Is this the tale of Eghbal the indifferent? Not so much, as Panahi quickly shifts the perspective to that of a mechanic named Vahid (Vahid Mobasseri), who encounters Eghbal after the roadkill incident and immediately begins to panic. Is this seemingly innocuous family man, Vahid wonders, in fact the same jailer nicknamed “Peg Leg,” who tortured him and so many other innocent civilians inside the Evin prison not so long ago? He walks with the same limp, and sports the same facial features. But nothing is certain.

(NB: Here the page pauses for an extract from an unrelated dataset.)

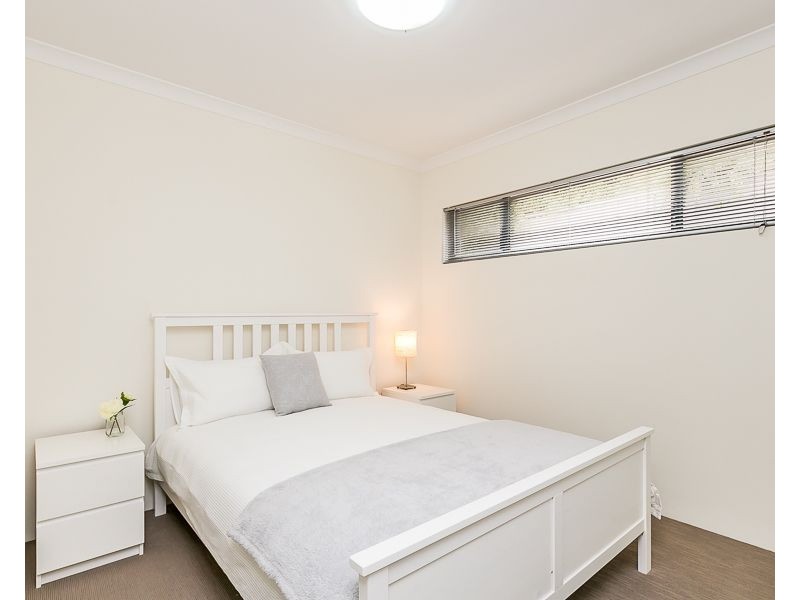 15/2 Fowey Loop, Mindarie WA 6030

After abducting Eghbal and knocking him unconscious, his body stuffed in the back of a van, Vahid frantically drives around Tehran, rounding up former prisoners who had suffered under Peg Leg in the hopes of confirming the villain’s identity, and perhaps issuing some manner of retribution.

Maryam Afshari in It Was Just An Accident.Elevation Pictures/Supplied
The dark premise at first recalls Chilean playwright Ariel Dorfman’s acclaimed 1990 production of Death and the Maiden – later adapted by Roman Polanski and starring Sigourney Weaver as a former political prisoner convinced that Ben Kingsley’s character is in fact her one-time torturer. But whereas Dorfman’s work was a confined-setting three-hander that deliberately limited its worldview, Panahi is set on reconstructing an entire world, one that cannot be contained by the chamber drama of Dorfman’s work or, say, the cells of Evin that he himself was once a reluctant guest of.
Gradually, Panahi widens Vahid’s ticking-clock quest – every minute wasted is one more during which Eghbal could awaken and wreak havoc – adding a number of Peg Leg survivors reckoning with their own traumas. Some are more fully sketched out than others, though a wedding photographer played by Mariam Afshari, who appears without the country’s mandatory hijab, is a welcome addition, quick-witted and dumbfounded at the same time.
Meantime, Panahi layers on a number of deadpan comedic set pieces that answer the never-before-asked question of, “What if Weekend at Bernie’s were a political satire?” (A recurring motif: government officials, from parking lot security guards to hospital administrators, so accustomed to accepting bribes that they walk around with portable debit-card machines.)
As Vahid and his fellow victims inch closer to the truth, though, Panahi carefully balances the bone-dry comedy with bone-chilling suspense. When the central mystery of Peg Leg is finally unlocked with a nerve-shredding monologue from a tied-up Eghbal, Panahi reaches some kind of terrible career high. This is a movie born out of a lifetime that no one should have been forced to endure. And yet, the film world is stronger for the suffering.